“Le lavoratrici e i lavoratori della Bioraffineria di Venezia - Enilive S.p.A. hanno scelto la continuità e la fermezza, consegnando alla Filctem Cgil una vittoria schiacciante nelle elezioni per il rinnovo della R.S.U. 2026. In un clima di altissima partecipazione democratica, con un’affluenza record che ha superato il 91% degli aventi diritto, la lista della CGIL si è confermata prima forza assoluta del sito industriale, ottenendo 117 voti e conquistando la maggioranza dei seggi (5 su 9)” si legge in una nota della Stessa Filctem Cgil di Venezia.
Gli eletti
“Questo risultato – prosegue la nota - non rappresenta soltanto un successo numerico, ma un mandato politico ed etico di enorme peso. In una fase cruciale per il polo di Porto Marghera, i lavoratori hanno premiato un modello sindacale basato sulla presenza costante e sulla coerenza delle battaglie portate avanti nei reparti. I rappresentanti eletti nella lista della Filctem Cgil sono Alessandro Penzo e Alessandro Zamattio, entrambi forti di 22 preferenze personali, affiancati da Luigi Dainese (19 voti), Luca Calenda (15 voti) e Damiano Chinellato (13 voti)”.
La Filctem Venezia
“Siamo davanti a un responso inequivocabile che ci carica di una responsabilità straordinaria – continua -. Questa fiducia è il motore che ci permetterà di affrontare le sfide della transizione energetica senza fare sconti a nessuno.

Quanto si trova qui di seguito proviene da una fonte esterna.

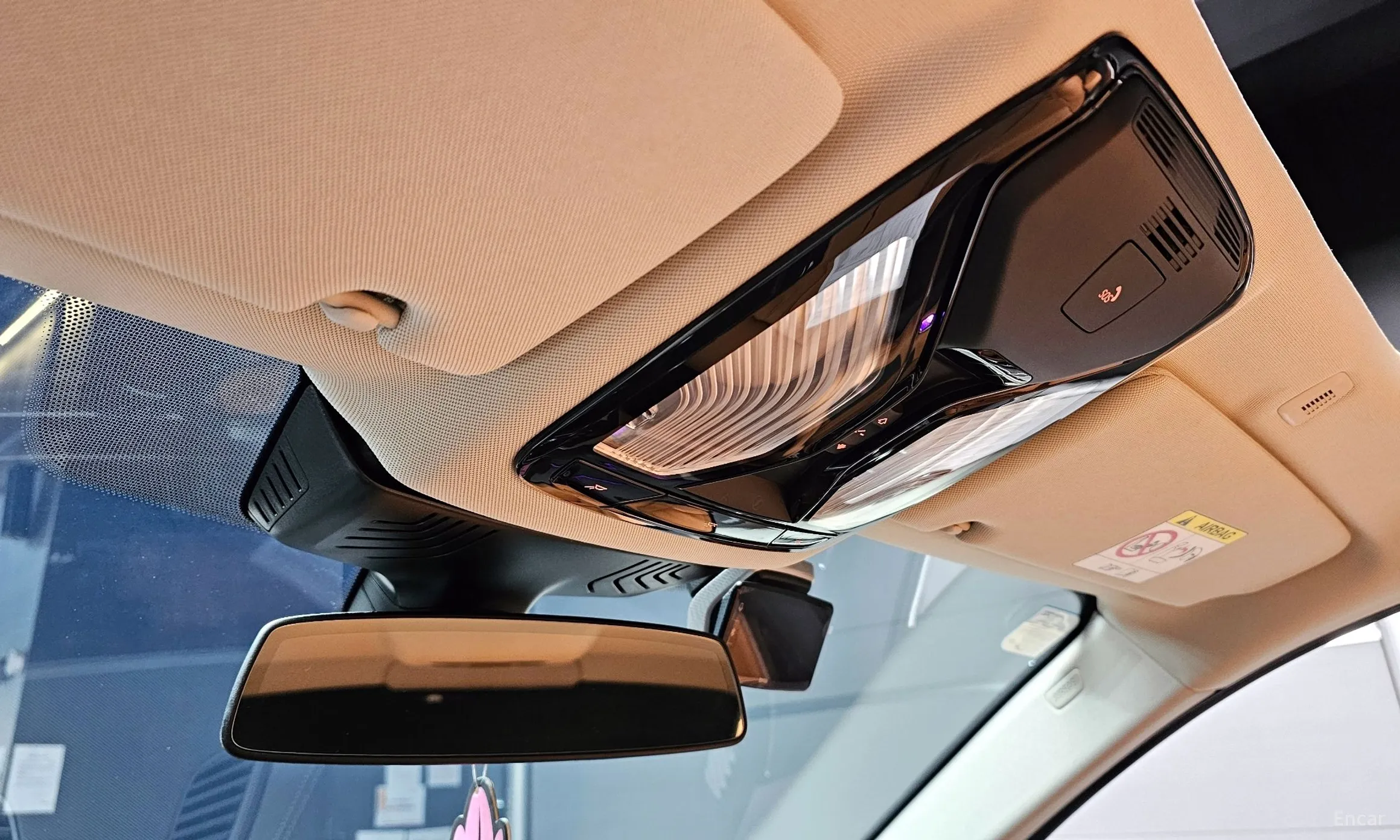 BMW 5 Series (G30) превью 17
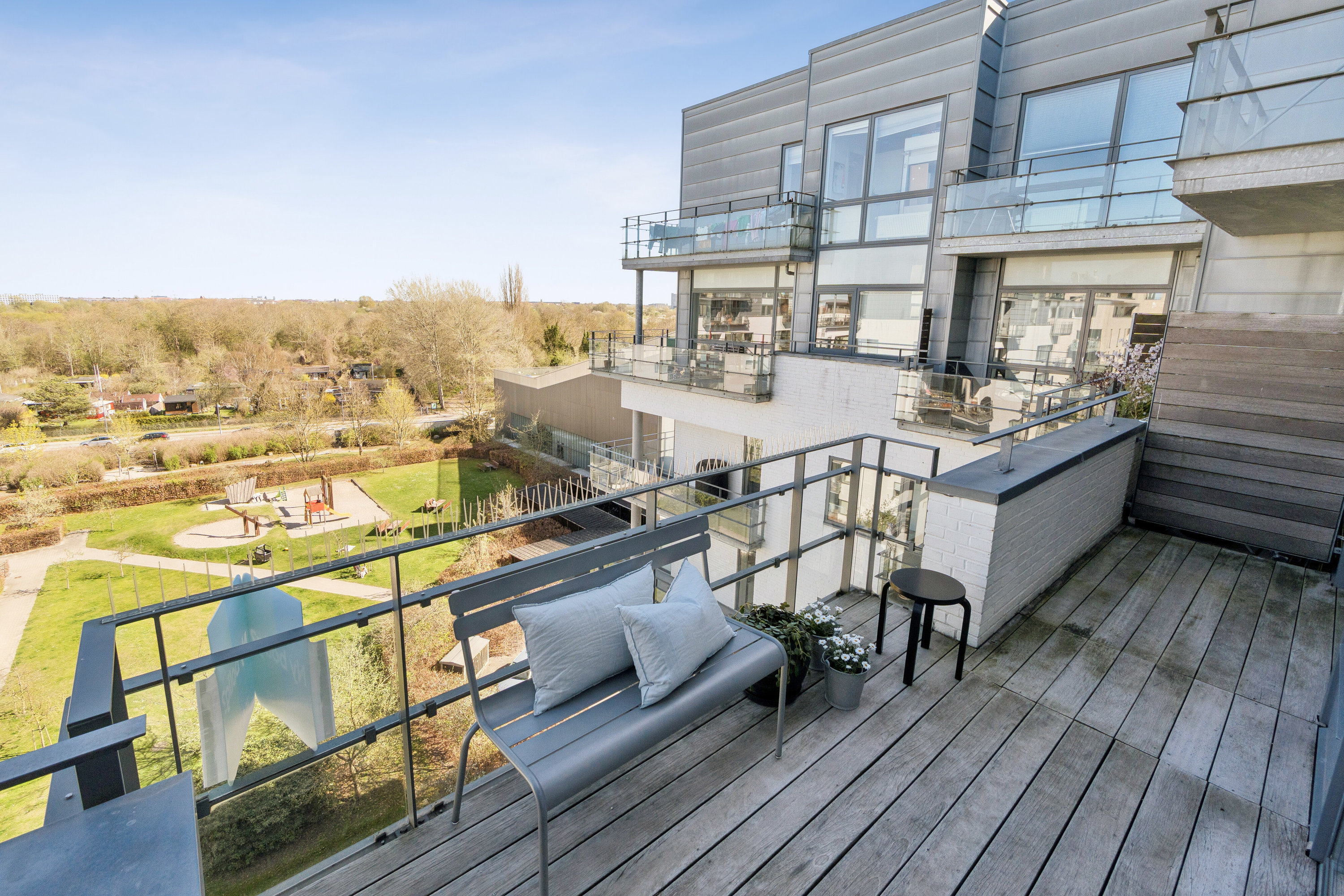 Fremhævet altan billede i fuldskærmstilstand. Billede af Jens Otto Krags Gade 6, 6. th., 2300 København S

La nostra priorità resta la tutela intransigente dei livelli occupazionali e della sicurezza, affinché il progresso industriale non avvenga mai a discapito della dignità di chi lavora. Con questa vittoria, la nostra organizzazione si riconferma l'interlocutore principale e la sentinella dei diritti all'interno della Bioraffineria, pronta a presidiare il futuro produttivo di Venezia con la forza di un consenso popolare senza precedenti. Saremo, come sempre, un presidio di giustizia sociale in azienda, mettendo al centro di ogni trattativa il benessere e il futuro delle lavoratrici e dei lavoratori” conclude la nota.